Brad and Jim enjoying the ball game.

I want to share a very quick story with you. This story perfectly illustrates how my two children not only teach me life lessons everyday, they help me become a better person.

Last night Jim, Brad and I went to see a local minor league baseball game. It had been raining and we weren’t even sure the game would get played. Luckily, it did. During the first couple of innings we sat in the drizzle of rain, Brad and I sharing an umbrella while Jim decided he was fine without anything other than his hat.

As most 9 year old boys do, Brad REALLY wanted a foul ball. We were sitting behind the netting behind homeplate and would not be getting a foul ball. Not too long after we sat down, the usher that had wiped the rain out of our seats came past us, walked over to the dug out and said something to the ball boy. The ball boy proceeded to hand over 2 baseballs. As the usher walked past, I asked him what the secret was. He smiled and said it helps to work there. He also mentioned he gives them to kids in his section. Wait. Aren’t WE in his section? I look around. There are literally 4 kids in his section. The rain has kept most at bay tonight.

So I told Brad to go over and ask for a ball. After much prodding over the course of an inning or two, he finally did. IMMEDIATELY, that same usher came down and told him he needed to return to his seat and that those bat boys were working and he was disturbing them. Well! Being the Mama Bear that I am, I was…..let’s say, a little unhappy. I didn’t say anything to Brad, but in my mind I was saying a few words.

By the 7th inning, it is apparent the home team isn’t going to win, but thankfully it isn’t raining and it is an enjoyable night to watch some ball. Also in the 7th inning, the very same usher comes down to Brad and asks him if he really wants a baseball. Brad says, “Yes sir.”  The usher prods him a little more. “Are you sure you do?” “Yes sir.”

From his tattered, red vest pocket he produces the elusive  baseball that lights up my son’s face. “Since you really want one.
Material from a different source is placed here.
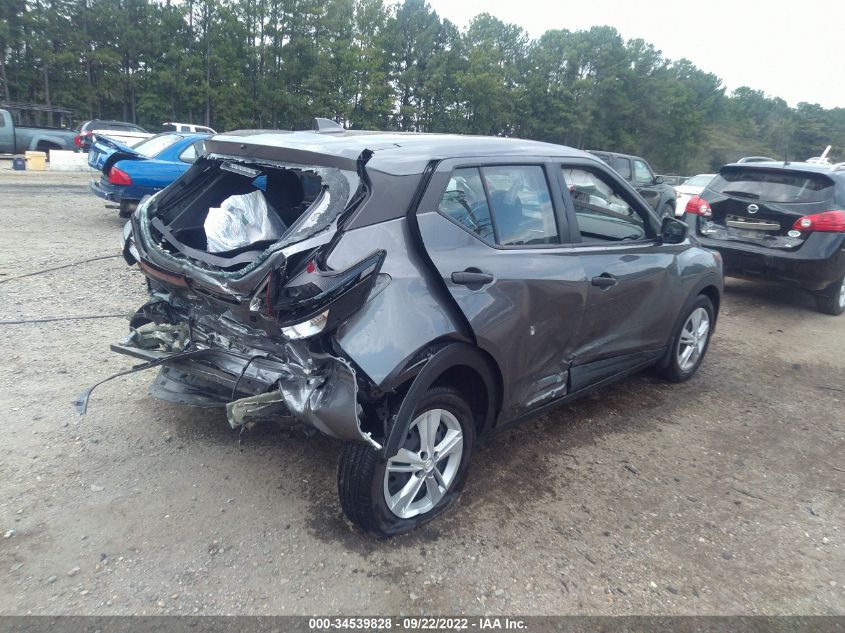 2021 NISSAN KICKS S VIN: 3N1CP5BV8ML541548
I like to give them to kids that really want a ball.”

I make sure Brad tells him “thank you.” Then I thank him myself and I let him know the little boy sitting behind us really would like a ball too. Sure enough, the usher walks over to the dugout, waits a moment and gets the other boy a ball too.

This is all confusing. Instead of switching my thoughts, I try to figure out his motives and why he had a huge change of heart. It was nice, but why?. I am learning just how cynical I am. Much to my dismay. First impressions are the hardest to change.
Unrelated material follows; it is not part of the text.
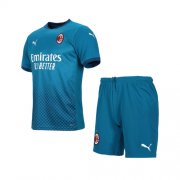 2020-21 AC Milan Kids Third Away Soccer Kits Shirt with Shorts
Fast forward to our 20 minute ride home. It is late and dark. I am lost in my own thoughts planning for the next day at work. Out of the blue Brad sets me straight.

“Mom!”

“Yes Brad.”

“I know why that man told me not to ask for a ball.”

“Oh really? Why?”

“He had planned all along to give me one. He just wanted to surprise me. He waited until almost the end of the game and then he wanted to make sure I got one from him. He knew he was going to give it to me when he told me not to ask for one. You noticed he didn’t tell anyone else that came over to leave the bat boys alone?”

“Yes, I had noticed that.” (and had sat steaming in my seat)

“He is a nice man. He wanted to give me the ball himself.”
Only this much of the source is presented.